Isaac Newton (1642–1727)
Axiomata sive leges motus…
Cambridge, ca 1684
Not all the University Library’s Newton manuscripts came by gift of the 5th Earl of Portsmouth in 1872. Some were texts of lectures deposited directly with the University by Newton himself. As Lucasian Professor he was fulfilling the requirement that he did so; this is one of two examples we display. Newton made the best of the Lucasian regulations by using his professorial texts as part of his early work in the composition of the Principia mathematica, including such first drafts of his celebrated laws of motion as here.
MS Dd.9.46, ff. 9v–10r
In a pivotal and celebrated moment in the history of western science Edmond Halley travelled to Cambridge to visit Isaac Newton in the summer of 1684 with a very specific purpose in mind. At a meeting of the Royal Society early that year some of England’s greatest natural philosophers, Robert Hooke, Christopher Wren and Halley himself had discussed whether or not the law of gravitational attraction holding the Solar System together would depend on the inverse of the square of the radius of a planet’s orbit. That this was how gravitational attraction fell away with distance would explain Kepler’s laws that the planets moved in ellipses and that the square of the time it takes a planet to orbit the Sun is proportional to the cube of the radius of the orbit but the gentlemen had no proof.
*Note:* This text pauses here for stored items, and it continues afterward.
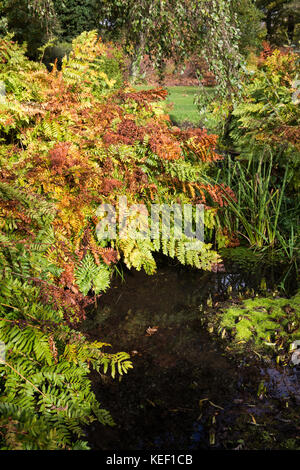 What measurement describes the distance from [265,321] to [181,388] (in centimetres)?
78

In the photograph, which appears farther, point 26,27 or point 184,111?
point 26,27

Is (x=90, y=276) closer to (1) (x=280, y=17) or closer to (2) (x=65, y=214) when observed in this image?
(2) (x=65, y=214)

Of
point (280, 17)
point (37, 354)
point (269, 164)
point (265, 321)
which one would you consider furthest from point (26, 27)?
point (280, 17)

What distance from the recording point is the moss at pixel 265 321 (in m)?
2.31

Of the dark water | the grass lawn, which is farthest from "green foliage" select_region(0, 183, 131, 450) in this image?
the grass lawn

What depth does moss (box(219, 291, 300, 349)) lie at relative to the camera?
231cm

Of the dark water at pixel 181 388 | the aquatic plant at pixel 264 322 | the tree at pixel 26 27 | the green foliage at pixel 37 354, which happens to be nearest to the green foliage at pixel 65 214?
the green foliage at pixel 37 354

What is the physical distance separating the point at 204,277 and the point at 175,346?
90 cm

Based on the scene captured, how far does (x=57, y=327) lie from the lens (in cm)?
182

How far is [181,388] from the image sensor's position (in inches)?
78.7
Halley visited Newton to discuss this problem but was told during their meeting that Newton had already achieved a mathematical proof. Not locating the paper, Newton promised to re-work the proof and send it on and in due course. However Halley’s visit and the discussion of the inverse square law proof stimulated Newton into a period of philosophical creativity comparable to the annus mirabilis twenty years before. In November 1684 Halley did indeed receive from Newton a nine-page manuscript De motu corporum in gyrum, the motion of a body in orbit, and it was circulated amongst the great of the Royal Society in London but this composition was simply the beginning of a much greater venture a work into which Newton distilled all his thought on corporeal motion and the laws governing the known universe.
Some of his work he used to give lectures as Lucasian Professor, to the mystification of his audience. Contemporary accounts testify to the intensity of Newton’s concentration on all the problems and proofs that arose; after two-and-a-half years’ of reflection and composition this resulted in the publication in 1687 of the Philosophiae naturalis principia mathematica, a publication that owed much to the championship and dedication of Halley himself who underwrote the costs involved – the Royal Society had experienced a failure with its previous publishing venture, Francis Willughby’s De Historia Piscium, and consequently had no money to fund the printing of Newton’s next work.
In common with his colleagues of the Royal Society, Halley may not have understood all the manuscript Newton was sending him for the press but he did understand how important it was to publish it for the world. This first edition of the Principia mathematica owned by its author bears some testimony to Halley’s frantic work to get it published but also how much on further reflection Newton decided he should amplify what he had to say. This early page in the work shows not simply that Newton inserted words into the printed text for the second edition but also drafted whole sheets of extra material as with his Definition V. After noting that gravity pulls the planets from a straight path into an orbit he marks a dagger † – opposite is his manuscript text for this insertion, a further 600 words perhaps, carried into the second and third editions, Lapis in funda circumactus… where he draws the analogy between a stone in sling, how a body would fall under gravity and as we would say today ‘go into orbit’ around the Earth. And this, it must be remembered, is at the very beginning of his analysis.